Read  Dignity, My Arse

Sunday, 20 September 2015

Draft LB Bill has been backed by charities

Connor Sparrowhawk

"New rights for people with autism and learning disabilities must be enshrined in law, the mother of an 18-year-old man who died in NHS care has said, ahead of an inquest into his death."

"Connor Sparrowhawk, who was autistic and had epilepsy, was found drowned in a bath at an NHS assessment and treatment unit in Oxfordshire in July 2013, after being left unattended."

"Despite an independent inquiry in 2014 finding that Connor’s death had been preventable, that his epilepsy was not monitored, that there was no adequate supervision for residents when bathing, and that the family were granted no involvement in his care, no one has yet been held accountable..."

"A draft Bill, dubbed the LB Bill, for Connor’s nickname Laughing Boy, has been backed by leading charities and Norman Lamb, the former care minister. Key elements of the Bill were included in a government Green Paper, submitted shortly before the election, that could pave the way for major reform."

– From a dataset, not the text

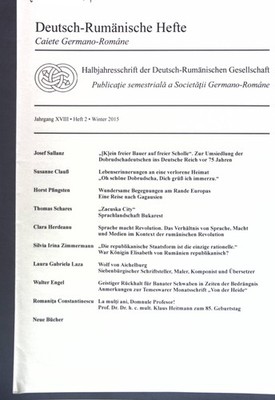 Wolf von Aichelburg, siebenbürgischer Schriftsteller, Maler, Komponist und Übers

"Slade House, the unit where Connor had been living for 107 days before his death, has since been shut down, following a damning report by the Care Quality Commission. Meanwhile the trust which managed it, Southern Health NHS Foundation Trust, is subject to an inquiry into a number of deaths of people with learning disabilities and mental health problems between April 2011 and March 2015."